## WORK TO COMPLETE
Within the listing below, how many lines hold "Blue"? Reply with that number and no other text.

## LISTED ENTRIES
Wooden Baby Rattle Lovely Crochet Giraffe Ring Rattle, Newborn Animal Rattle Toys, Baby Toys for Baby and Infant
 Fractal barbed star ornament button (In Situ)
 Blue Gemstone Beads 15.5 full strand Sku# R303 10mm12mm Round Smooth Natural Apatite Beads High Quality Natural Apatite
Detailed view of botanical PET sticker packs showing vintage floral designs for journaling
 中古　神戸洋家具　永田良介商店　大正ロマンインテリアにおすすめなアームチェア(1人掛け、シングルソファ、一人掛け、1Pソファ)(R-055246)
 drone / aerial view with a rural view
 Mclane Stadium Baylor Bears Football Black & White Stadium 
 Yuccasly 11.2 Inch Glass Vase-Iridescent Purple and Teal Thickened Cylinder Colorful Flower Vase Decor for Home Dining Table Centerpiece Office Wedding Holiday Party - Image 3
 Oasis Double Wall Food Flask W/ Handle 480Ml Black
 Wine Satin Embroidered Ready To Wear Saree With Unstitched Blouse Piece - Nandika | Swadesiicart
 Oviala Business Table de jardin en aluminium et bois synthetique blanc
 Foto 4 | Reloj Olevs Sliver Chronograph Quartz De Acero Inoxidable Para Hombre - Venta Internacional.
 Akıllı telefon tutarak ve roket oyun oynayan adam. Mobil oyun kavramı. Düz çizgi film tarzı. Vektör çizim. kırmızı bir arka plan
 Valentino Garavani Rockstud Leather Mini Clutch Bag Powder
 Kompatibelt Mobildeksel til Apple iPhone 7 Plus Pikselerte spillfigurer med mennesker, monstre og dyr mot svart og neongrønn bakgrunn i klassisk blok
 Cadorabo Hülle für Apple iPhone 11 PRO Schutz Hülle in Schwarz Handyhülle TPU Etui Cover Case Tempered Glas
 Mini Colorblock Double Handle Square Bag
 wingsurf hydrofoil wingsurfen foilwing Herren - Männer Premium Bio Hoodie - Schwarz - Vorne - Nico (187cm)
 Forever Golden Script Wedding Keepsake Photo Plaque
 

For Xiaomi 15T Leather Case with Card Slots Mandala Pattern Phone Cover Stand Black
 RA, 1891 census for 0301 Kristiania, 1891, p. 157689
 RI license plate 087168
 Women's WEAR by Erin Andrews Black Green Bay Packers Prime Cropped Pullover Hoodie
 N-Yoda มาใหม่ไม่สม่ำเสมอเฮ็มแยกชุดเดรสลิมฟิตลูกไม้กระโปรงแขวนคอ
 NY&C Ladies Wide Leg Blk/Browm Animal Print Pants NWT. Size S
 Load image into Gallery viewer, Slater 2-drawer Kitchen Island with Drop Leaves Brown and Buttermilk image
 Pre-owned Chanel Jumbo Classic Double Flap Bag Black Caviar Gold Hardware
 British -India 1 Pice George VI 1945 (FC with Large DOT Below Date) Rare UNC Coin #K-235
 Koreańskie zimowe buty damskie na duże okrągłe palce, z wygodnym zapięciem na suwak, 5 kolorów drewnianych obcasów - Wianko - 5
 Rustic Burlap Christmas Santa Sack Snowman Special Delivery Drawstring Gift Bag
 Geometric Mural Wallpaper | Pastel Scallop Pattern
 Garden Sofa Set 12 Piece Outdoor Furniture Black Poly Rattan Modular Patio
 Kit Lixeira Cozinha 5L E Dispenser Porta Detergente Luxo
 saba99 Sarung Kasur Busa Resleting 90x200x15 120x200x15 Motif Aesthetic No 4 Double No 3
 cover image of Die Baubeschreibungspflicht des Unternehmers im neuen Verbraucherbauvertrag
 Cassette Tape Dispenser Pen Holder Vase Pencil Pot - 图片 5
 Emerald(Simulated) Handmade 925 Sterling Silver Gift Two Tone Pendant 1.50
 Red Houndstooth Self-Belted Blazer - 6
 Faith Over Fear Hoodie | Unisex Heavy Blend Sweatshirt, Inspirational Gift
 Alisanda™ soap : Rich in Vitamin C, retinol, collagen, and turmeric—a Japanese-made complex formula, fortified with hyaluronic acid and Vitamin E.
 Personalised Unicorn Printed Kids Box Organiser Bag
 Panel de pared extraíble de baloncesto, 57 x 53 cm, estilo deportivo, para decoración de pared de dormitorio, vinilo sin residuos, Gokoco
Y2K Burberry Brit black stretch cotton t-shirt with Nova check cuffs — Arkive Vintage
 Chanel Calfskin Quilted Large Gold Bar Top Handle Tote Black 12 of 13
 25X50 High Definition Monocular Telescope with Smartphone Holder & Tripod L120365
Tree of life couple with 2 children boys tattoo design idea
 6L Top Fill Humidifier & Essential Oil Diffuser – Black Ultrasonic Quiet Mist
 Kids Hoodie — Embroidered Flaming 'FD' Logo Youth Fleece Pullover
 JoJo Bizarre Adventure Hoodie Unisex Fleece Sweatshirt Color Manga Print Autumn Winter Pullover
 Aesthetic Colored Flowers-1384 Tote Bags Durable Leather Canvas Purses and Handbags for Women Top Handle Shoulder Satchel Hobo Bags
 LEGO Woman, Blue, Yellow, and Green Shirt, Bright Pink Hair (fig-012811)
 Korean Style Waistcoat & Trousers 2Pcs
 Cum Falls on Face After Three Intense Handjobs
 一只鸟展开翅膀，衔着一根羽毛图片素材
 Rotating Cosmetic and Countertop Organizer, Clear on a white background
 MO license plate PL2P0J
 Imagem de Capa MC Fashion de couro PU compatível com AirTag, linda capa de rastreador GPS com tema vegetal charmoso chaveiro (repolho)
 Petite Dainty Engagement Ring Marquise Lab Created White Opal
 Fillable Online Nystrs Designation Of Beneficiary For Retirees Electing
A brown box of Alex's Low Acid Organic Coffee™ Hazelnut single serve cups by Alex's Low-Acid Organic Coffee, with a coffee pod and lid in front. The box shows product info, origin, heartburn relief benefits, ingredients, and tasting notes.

## RESULT FOR THIS EXERCISE
2